De in rode baksteen opgetrokken noordvleugel (vleugel 2) telt twee bouwlagen en een kapverdieping onder een met rode Hollandse pannen gedekt zadeldak. Op de begane grond zijn in de oostelijke zijgevel ter plaatse van de voormalige directeurswoning twee getoogde en gekoppelde vaste vensters met een gekoppeld bovenlicht geplaatst. Tussen de begane grond en de eerste verdieping bevindt zich een hardstenen cordonlijst. Deze cordonlijst vormt tevens de lekdorpel van de twee rondboogvensters op de verdieping. Achter deze hoge rondboogvensters bevindt zich een kerkruimte. In de kapverdieping is een rondvenster aangebracht. De noordgevel van de noordvleugel wordt in tweeën gedeeld door een middenrisaliet. Het geveldeel links hiervan is door twee steunberen in drie traveeën verdeeld. De linker travee bezit op de begane grond een erker. De middelste travee heeft op de verdieping drie hoge rondboogvensters, identiek aan de vensters in de zijgevel van dit bouwdeel. Op de begane grond bevinden zich hier een driedelig venster en een deur. De rechter travee is drie vensterassen breed met op de begane grond drie getoogde vensters en op de verdieping dezelfde rondboogvensters als in de middelste travee. In de middenrisaliet zijn boven elkaar twee dichtgemetselde vensters aanwezig, waarvan de bovenste voorzien is van een bovenlicht met ruit. Rechts van de risaliet bevinden zich op de begane grond drie brede getoogde vensters en drie paar smalle getoogde vensters (het rechter paar is tussen 1986 en 1991 aangebracht). Tussen het tweede en derde paar van rechts bevindt zich, iets hoger geplaatst, nog een breed venster, dat identiek is aan de andere brede vensters in deze gevel. Boven de begane grond telde het rechter gedeelte oorspronkelijk twee verdiepingen met op elke verdieping een reeks van vijf paar smalle getoogde vensters. De twee verdiepingen zijn naderhand samengevoegd tot één hoge verdieping waarbij de middenste rij vensters werd dichtgezet. Op de scheiding van de begane grond en de eerste verdieping bevinden zich in totaal zestien muurijzers. Vier rozetankers boven de middenste rij vensters markeren de plaats waar vroeger de vloer van de tweede verdieping zat. Ter hoogte van de zolderbalklaag zijn eveneens vier rozetankers aangebracht. De noordgevel wordt aan de rechter kant afgesloten door een smalle risaliet. Bovenlangs wordt de gevel afgesloten door een geprofileerde daklijst.
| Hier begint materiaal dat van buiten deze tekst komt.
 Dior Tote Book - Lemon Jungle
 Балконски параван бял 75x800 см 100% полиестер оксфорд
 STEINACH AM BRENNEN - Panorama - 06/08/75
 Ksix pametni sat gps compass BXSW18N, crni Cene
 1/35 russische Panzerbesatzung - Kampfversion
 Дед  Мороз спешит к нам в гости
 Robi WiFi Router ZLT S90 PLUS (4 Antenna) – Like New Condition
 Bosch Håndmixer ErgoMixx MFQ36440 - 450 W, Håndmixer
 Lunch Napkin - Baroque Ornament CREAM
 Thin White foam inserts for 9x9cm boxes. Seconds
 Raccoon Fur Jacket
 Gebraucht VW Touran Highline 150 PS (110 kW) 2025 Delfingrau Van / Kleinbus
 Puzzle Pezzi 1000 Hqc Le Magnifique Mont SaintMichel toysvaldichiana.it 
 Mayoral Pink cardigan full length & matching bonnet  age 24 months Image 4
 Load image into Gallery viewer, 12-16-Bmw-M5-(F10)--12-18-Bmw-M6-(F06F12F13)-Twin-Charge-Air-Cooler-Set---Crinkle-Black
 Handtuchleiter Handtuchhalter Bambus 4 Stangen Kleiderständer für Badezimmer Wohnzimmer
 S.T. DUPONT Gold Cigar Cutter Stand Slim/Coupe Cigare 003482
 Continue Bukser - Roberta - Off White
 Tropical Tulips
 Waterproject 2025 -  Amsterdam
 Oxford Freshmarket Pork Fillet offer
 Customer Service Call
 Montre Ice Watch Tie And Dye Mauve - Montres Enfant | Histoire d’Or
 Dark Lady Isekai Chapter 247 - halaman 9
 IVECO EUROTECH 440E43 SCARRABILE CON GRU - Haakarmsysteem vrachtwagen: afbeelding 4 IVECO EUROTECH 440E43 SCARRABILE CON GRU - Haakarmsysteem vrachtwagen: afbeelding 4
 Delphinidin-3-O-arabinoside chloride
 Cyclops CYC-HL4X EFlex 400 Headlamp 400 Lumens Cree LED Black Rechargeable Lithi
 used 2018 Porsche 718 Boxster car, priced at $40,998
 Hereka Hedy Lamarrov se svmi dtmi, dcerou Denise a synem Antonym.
De in rode baksteen opgetrokken noordwestvleugel (vleugel 3) telt twee (oorspronkelijk drie) bouwlagen plus een kapverdieping en is afgedekt met een zadeldak met rode Hollandse pannen. Evenals in de rechter helft van de noordgevel zijn in de westgevel van de noordwestvleugel op de eerste verdieping twee rijen paarsgewijs geplaatste smalle getoogde vensters aangebracht. Ook hier is de onderste van de twee rijen naderhand dichtgezet. De begane grond is voorzien van twee paar smalle vensters en negen grote brede vensters. Al deze vensters worden ontlast door een segmentboog. Het vierde grote venster van links is geplaatst in een risaliet, die qua opzet vergelijkbaar is met de middenrisaliet in de noordelijke gevel. Een soortgelijke opzet wordt nog eens herhaald in de risaliet die de westgevel rechts afsluit. Tussen het vijfde en het zesde venster is op de begane grond een aanbouw geplaatst, één bouwlaag hoog met een plat dak.

De zuidwestvleugel (vleugel 5) is één bouwlaag hoog met een kapverdieping onder een zadeldak met rode Hollandse pannen. Het geheel is in rode baksteen opgetrokken, met links tegen de westgevel een aanbouw met een plat dak. Langs de daklijst van de gevel is een segmentboogfries op consoles aangebracht. Rechts van de aanbouw zijn twee brede en vier paar smalle getoogde vensters geplaatst.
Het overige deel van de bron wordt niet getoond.